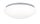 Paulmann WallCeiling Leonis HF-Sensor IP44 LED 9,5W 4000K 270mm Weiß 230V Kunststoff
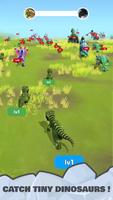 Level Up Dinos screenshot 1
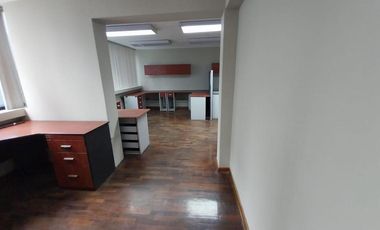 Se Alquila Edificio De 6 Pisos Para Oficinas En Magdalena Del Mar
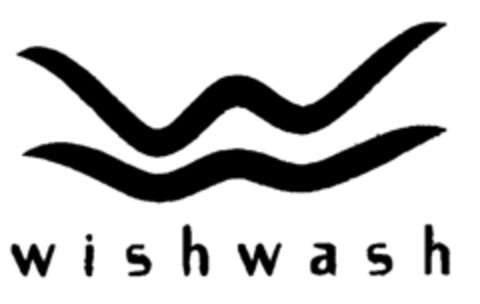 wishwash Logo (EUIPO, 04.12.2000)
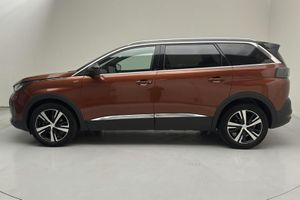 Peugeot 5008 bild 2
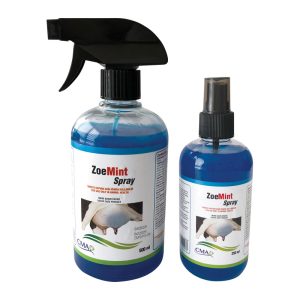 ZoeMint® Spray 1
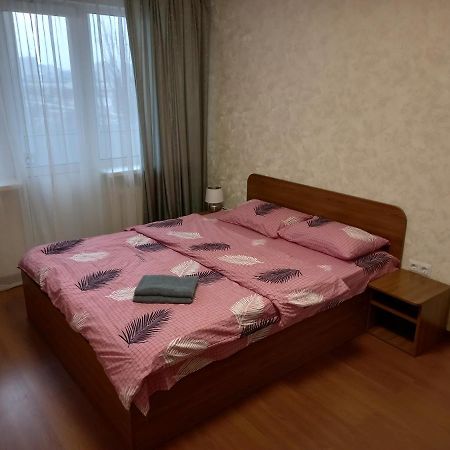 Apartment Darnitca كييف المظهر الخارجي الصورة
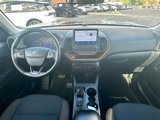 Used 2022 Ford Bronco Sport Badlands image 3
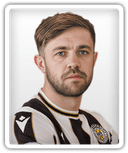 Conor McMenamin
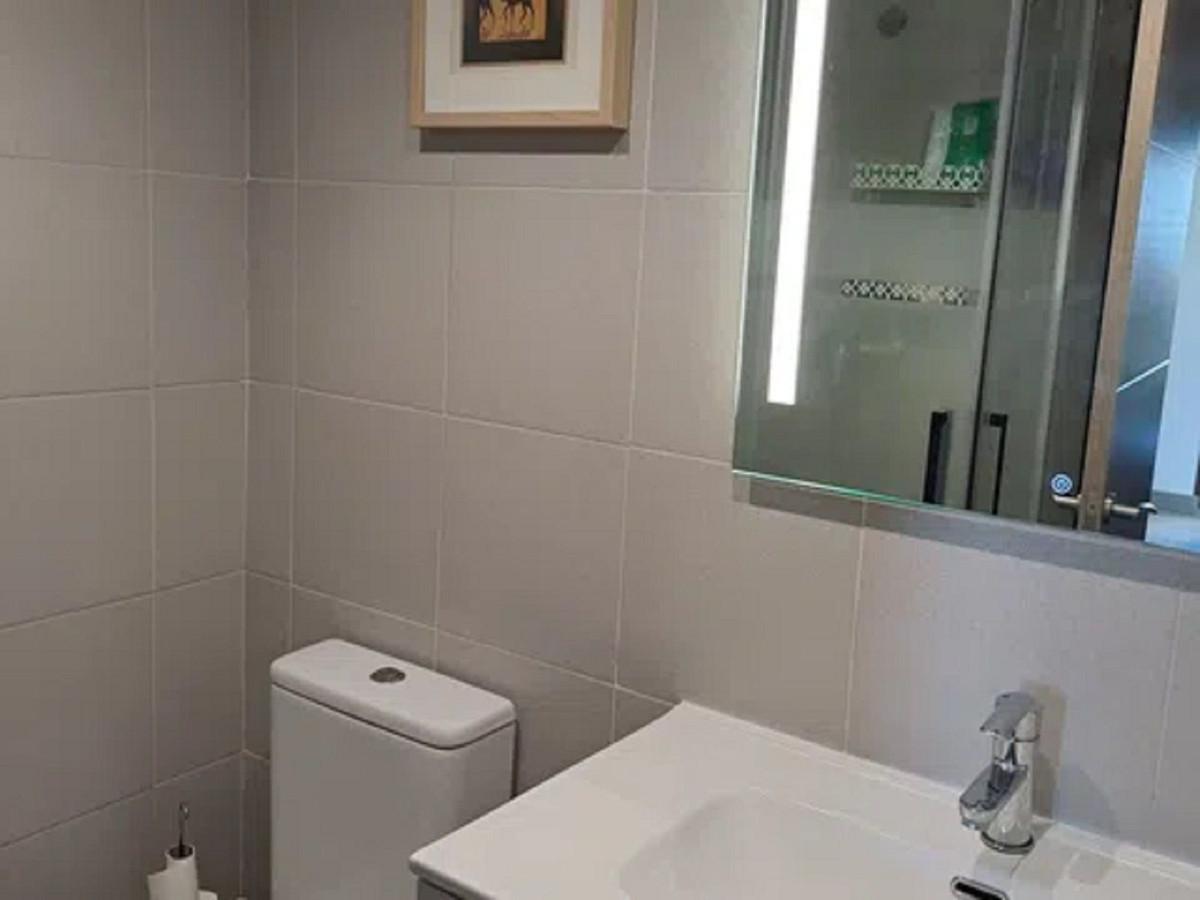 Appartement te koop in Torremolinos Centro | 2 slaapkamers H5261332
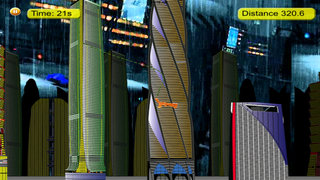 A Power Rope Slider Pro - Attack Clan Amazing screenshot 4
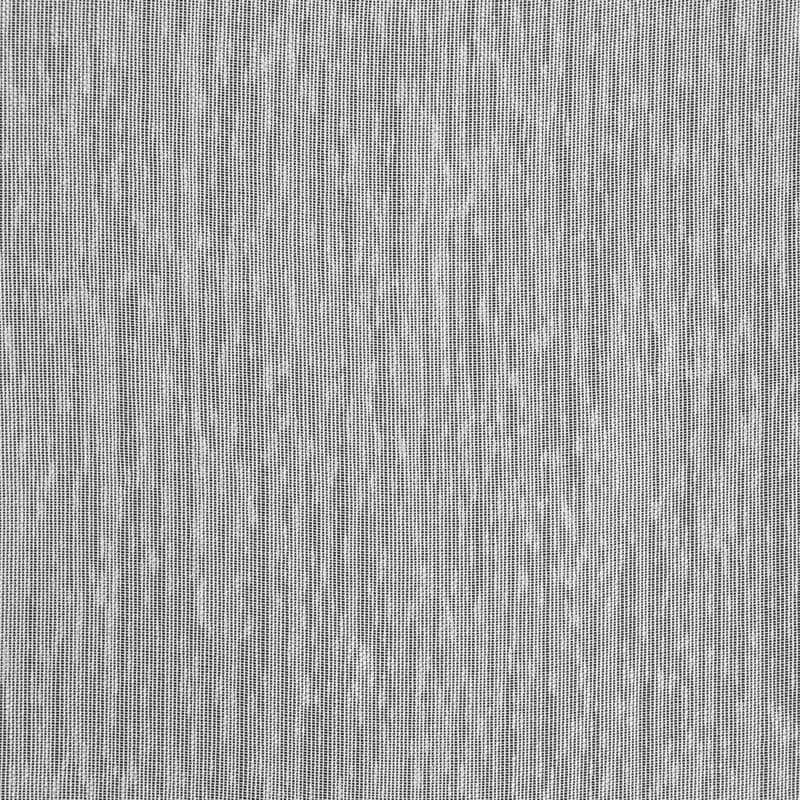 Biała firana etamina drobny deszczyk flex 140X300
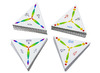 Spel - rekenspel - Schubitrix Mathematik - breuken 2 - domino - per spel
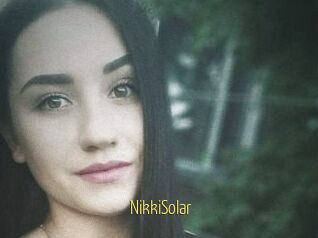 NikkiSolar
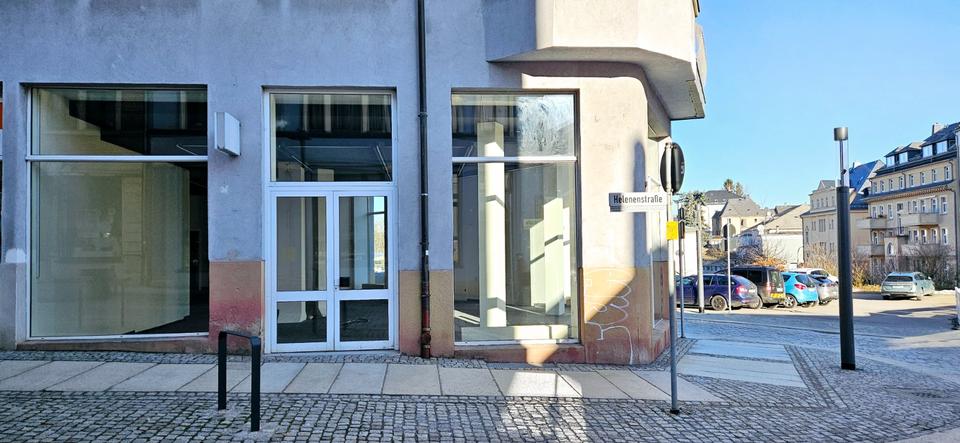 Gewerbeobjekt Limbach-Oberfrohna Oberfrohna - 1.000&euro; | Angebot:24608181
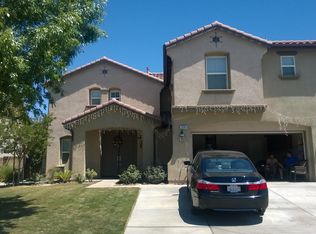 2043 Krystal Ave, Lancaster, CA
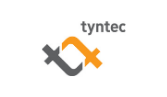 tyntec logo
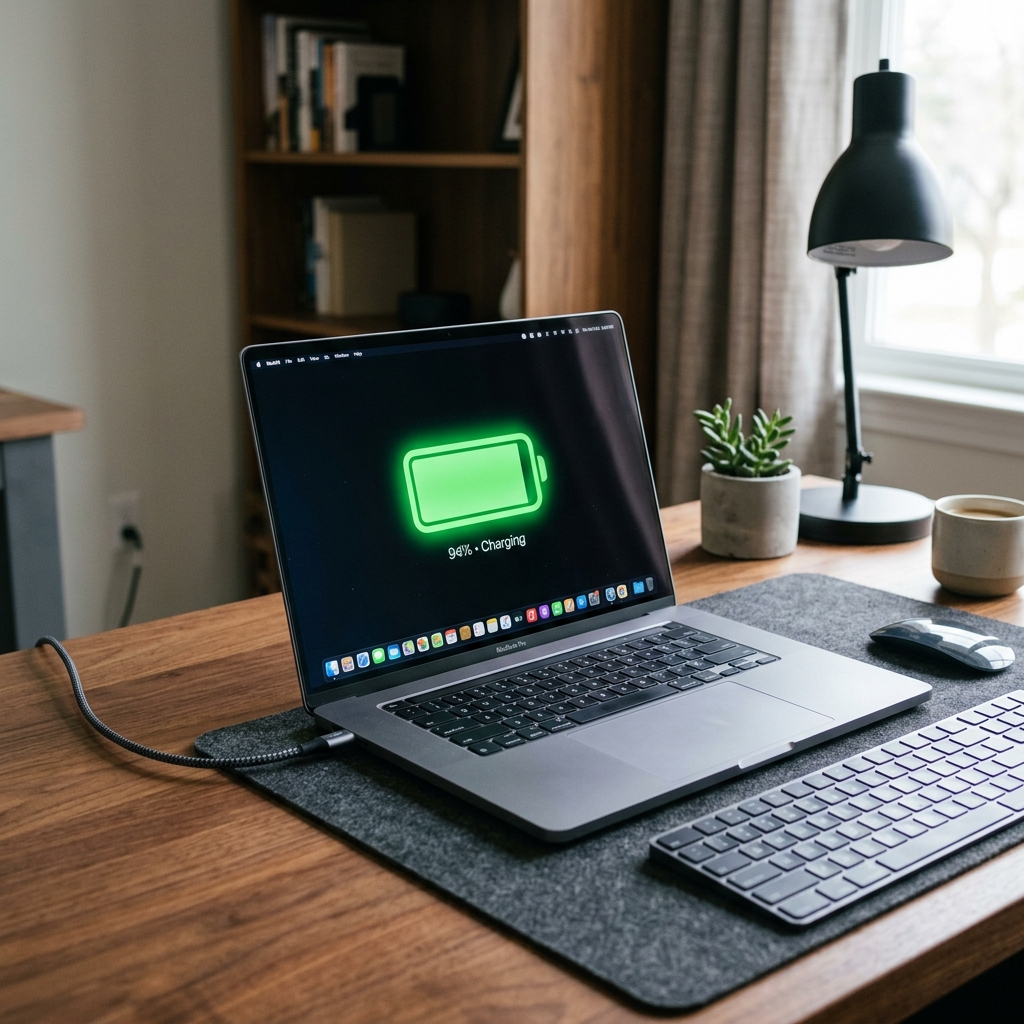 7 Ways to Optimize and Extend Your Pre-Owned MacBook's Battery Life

[The task] The records above must be echoed exactly, minus their pictures.

[Final answer]
 Paulmann WallCeiling Leonis HF-Sensor IP44 LED 9,5W 4000K 270mm Weiß 230V Kunststoff
 Level Up Dinos screenshot 1
 Se Alquila Edificio De 6 Pisos Para Oficinas En Magdalena Del Mar
 wishwash Logo (EUIPO, 04.12.2000)
 Peugeot 5008 bild 2
 ZoeMint® Spray 1
 Apartment Darnitca كييف المظهر الخارجي الصورة
 Used 2022 Ford Bronco Sport Badlands image 3
 Conor McMenamin
 Appartement te koop in Torremolinos Centro | 2 slaapkamers H5261332
 A Power Rope Slider Pro - Attack Clan Amazing screenshot 4
 Biała firana etamina drobny deszczyk flex 140X300
 Spel - rekenspel - Schubitrix Mathematik - breuken 2 - domino - per spel
 NikkiSolar
 Gewerbeobjekt Limbach-Oberfrohna Oberfrohna - 1.000&euro; | Angebot:24608181
 2043 Krystal Ave, Lancaster, CA
 tyntec logo
 7 Ways to Optimize and Extend Your Pre-Owned MacBook's Battery Life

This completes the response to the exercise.